House debates

Monday, 22 May 2023

Private Members' Business


10:57 am

Photo of Stephen BatesStephen Bates (Brisbane, Australian Greens) Share this | Hansard source

I move:

That this House:

(1) notes that in the budget the Government chose to:

(a) spend half a trillion dollars on Stage 3 tax cuts for the wealthy, handouts for wealthy property investors, handouts for fossil fuel corporations, and nuclear submarines; and

(b) not adequately address the cost-of-living pressures people are facing; and

(2) calls on the Government to lift people out of poverty by raising JobSeeker above the poverty line, wiping student debt, and taking urgent action to address the housing and rental crisis.

We hear constantly from the government that this budget was about making hard choices and about showing restraint, but that narrative is not universal—it does not apply to everyone. This budget applies the rule and expectation of restraint and hard choices to working people but an entirely different set of rules and expectations to the mega wealthy and multinational corporations. When working- and middle-class Australians ask for the government to have their back, the government immediately employs the narrative of restraint, which is completely disconnected from the reality that people are facing.

This government tells us that it can't lift JobSeeker or youth allowance above the poverty line to $88 a day because it needs to tackle inflation and it has to be fiscally responsible, but the reality is that inflation is being driven by price gouging and corporate profiteering, and not by the incomes of workers and the lowest-paid people in our country. The reality is that 69 per cent of additional inflation in Australia has been caused by excess corporate profits, while labour costs account for just 18 per cent. The reality is that people across this country are struggling to put food on the table or a safe roof over the heads of their children.

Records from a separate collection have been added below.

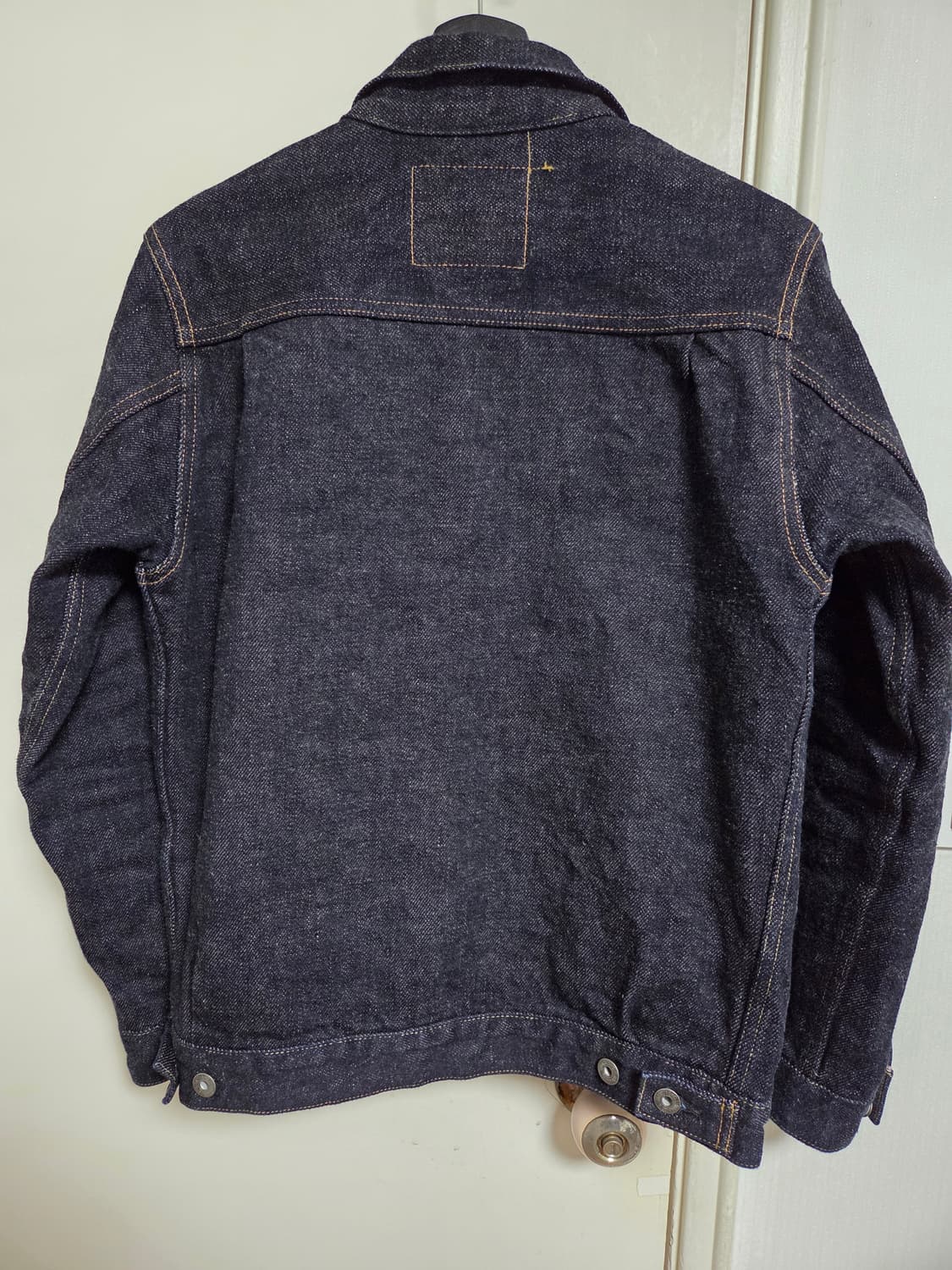 오니 시크릿 데님 자켓 2nd 38사이즈 ONI-02516P 상품이미지2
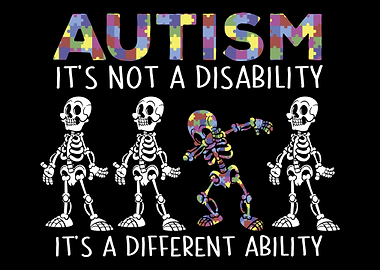 Autism Awareness Autistic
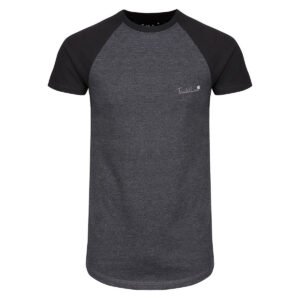 Mens Scoop Bottom T Shirt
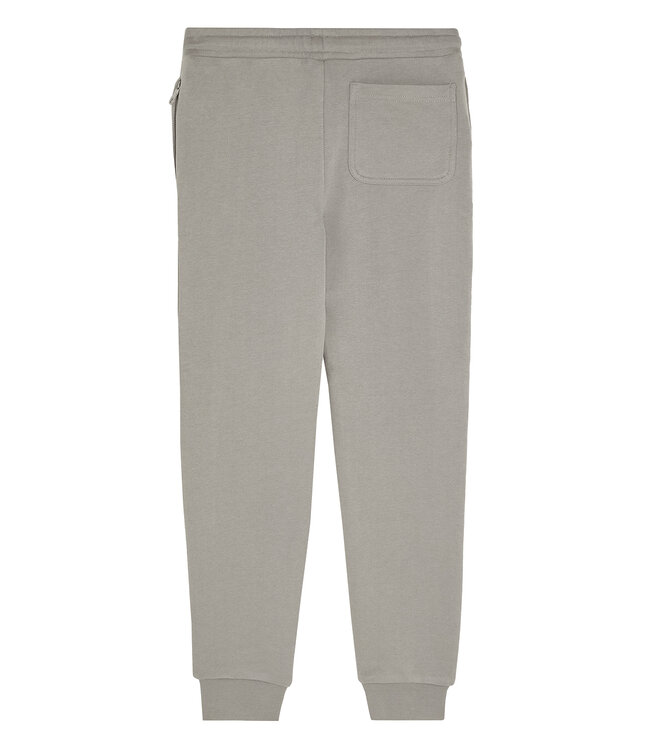 Lyle & Scott winter sweat broek jongens - grijs - Tonal Eagle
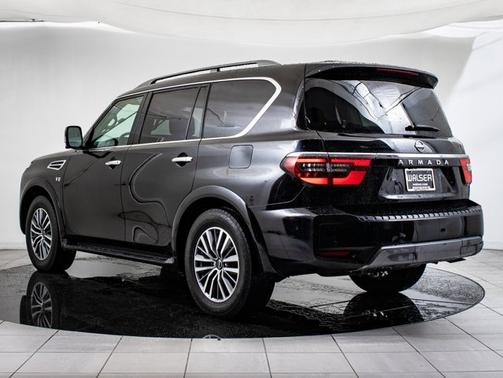 2022 Nissan Armada SL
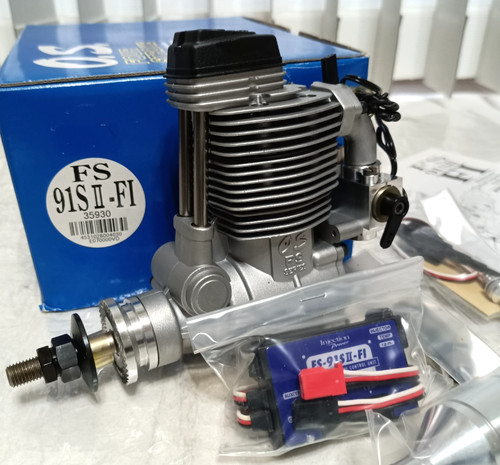 91sii fi fuel - o.s.,
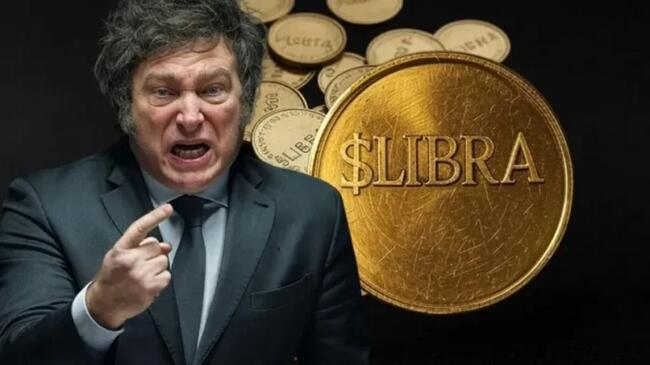 DWF Labs, Javier Milei’nin Desteklediği LIBRA Gerçeğini Açıkladı!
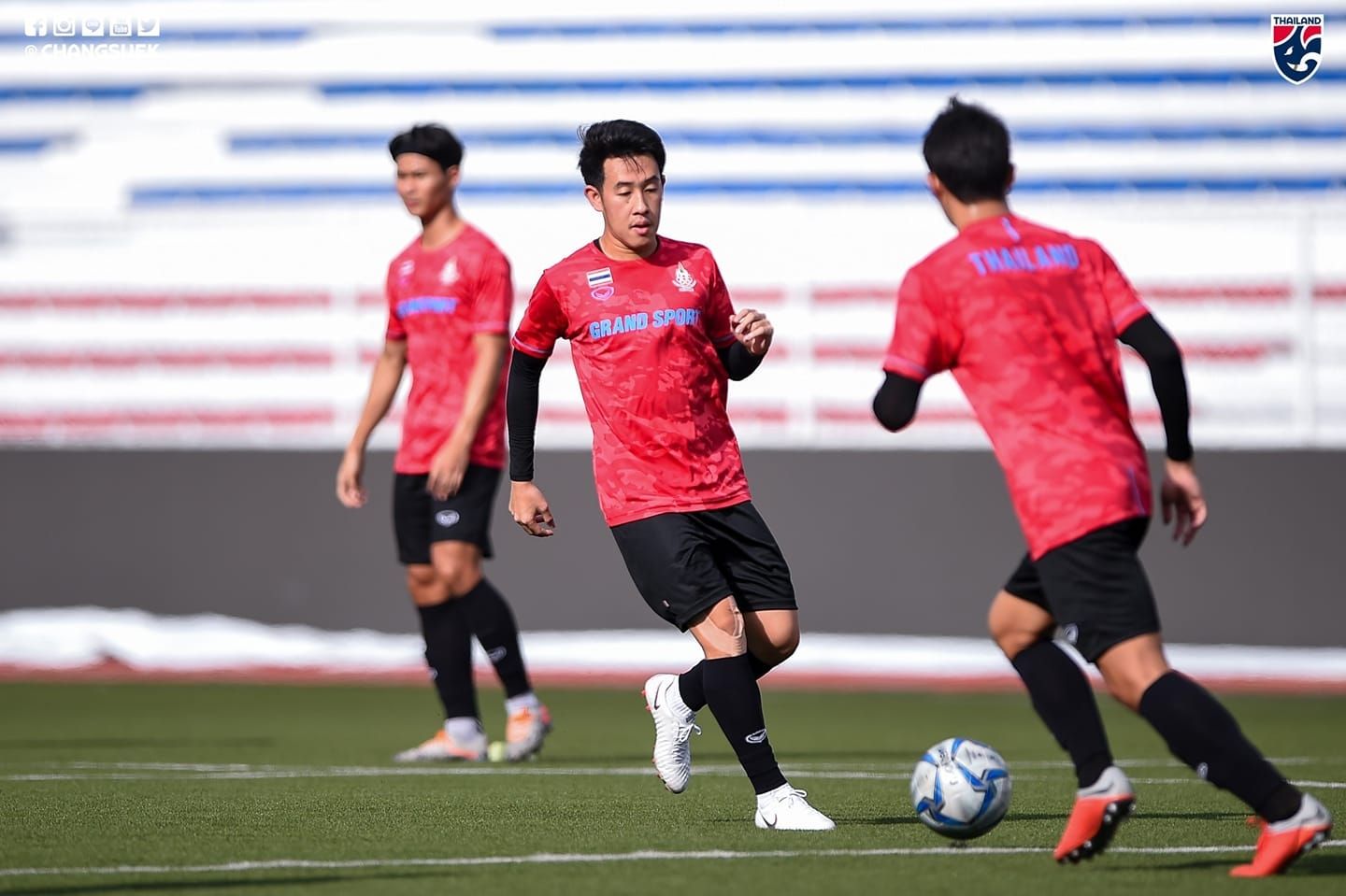 ทีมชาติไทย U23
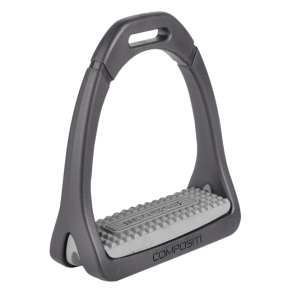 WALDHAUSEN COMFORT Letvgtsstigbjler. Compositi. Sort/gr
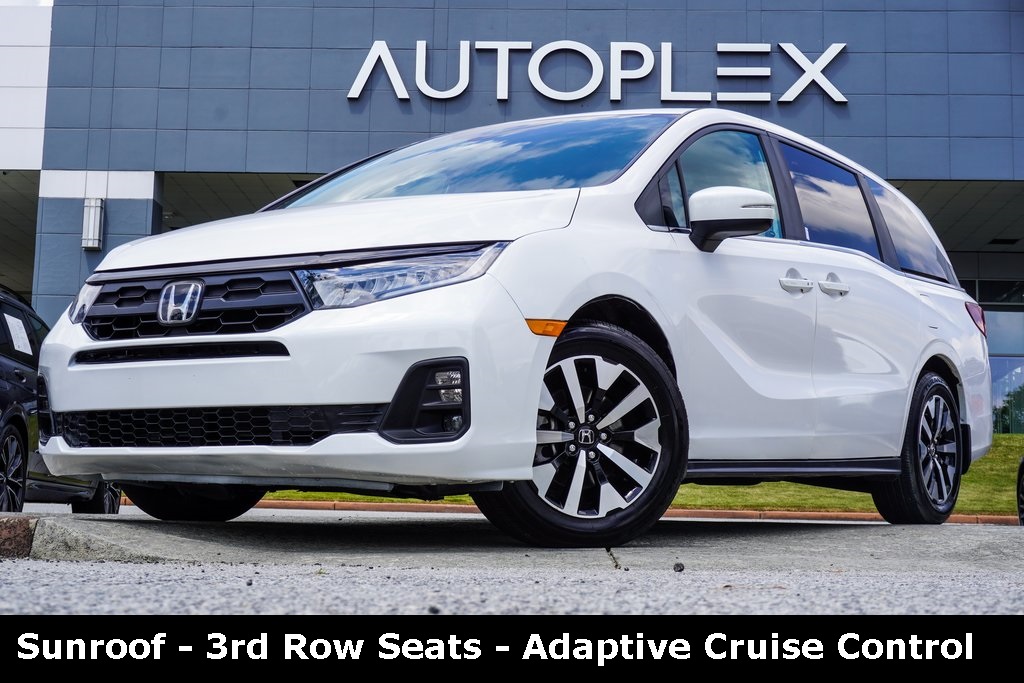 2025 Honda Odyssey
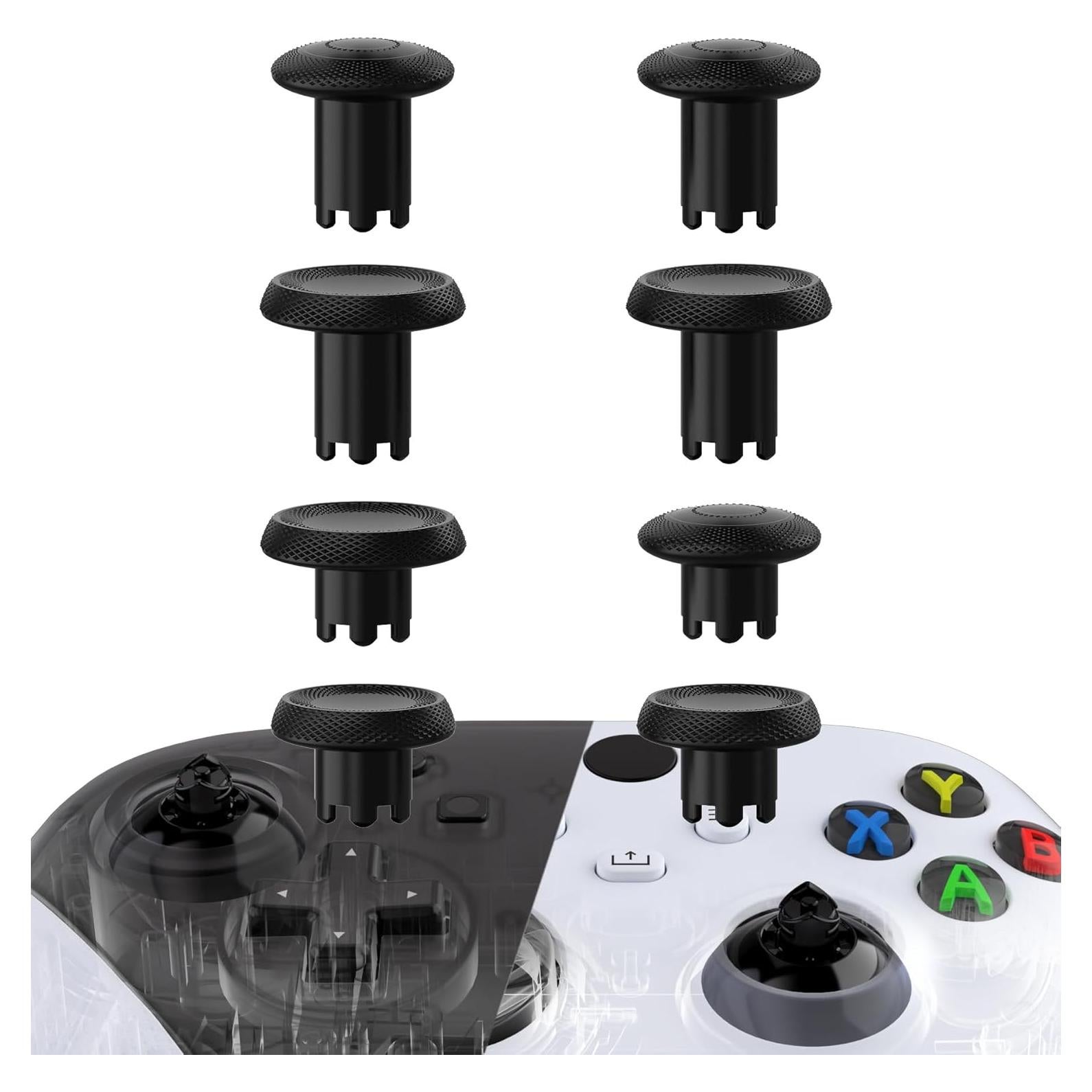 Joysticks Intercambiables eXtremeRate ThumbsGear V3 para Xbox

This government acknowledges that, yes, there is a housing crisis and, yes, most people on income support are spending more than 80 per cent of their payments on rent, but the most this government can do is propose a measly $8 a week increase in Commonwealth rent assistance. The reality is that in my electorate of Brisbane 53.5 per cent of people rent their homes, and rents have increased by 23.5 per cent in the past 12 months alone. When the average rent has increased by $135 a week in my electorate, $8 per week won't even cover six per cent of that increase.

With this budget the government tells us that the student debt system works perfectly fine and that there are no issues with the fact that student debts will be indexed at 7.1 per cent this year, which equates to an increase of about $2,840 on a HECS debt of $40,000. The reality is that this government will reap more money from increasing the debt burden of thousands of students this year than it will from taxing the profits of oil and gas companies. In this budget, the government tells us that they must curb the growth of the NDIS. The reality is that too many disabled people are not able to get the support they need to live a good life. The reality is that this government is more willing to hand over $41 billion of subsidies to the fossil fuel industry and $9,000 in tax cuts for the wealthy this year than it is to support those in our country who most need it.

This government has made it clear with this budget that they are uninterested in standing up for the needs of the average Australian. I hear constantly from people out there in the community that our economic system is broken—that it is not functioning for the benefit of working people but rather is being rigged in favour of those with the wealth and power to buy favourable policy outcomes.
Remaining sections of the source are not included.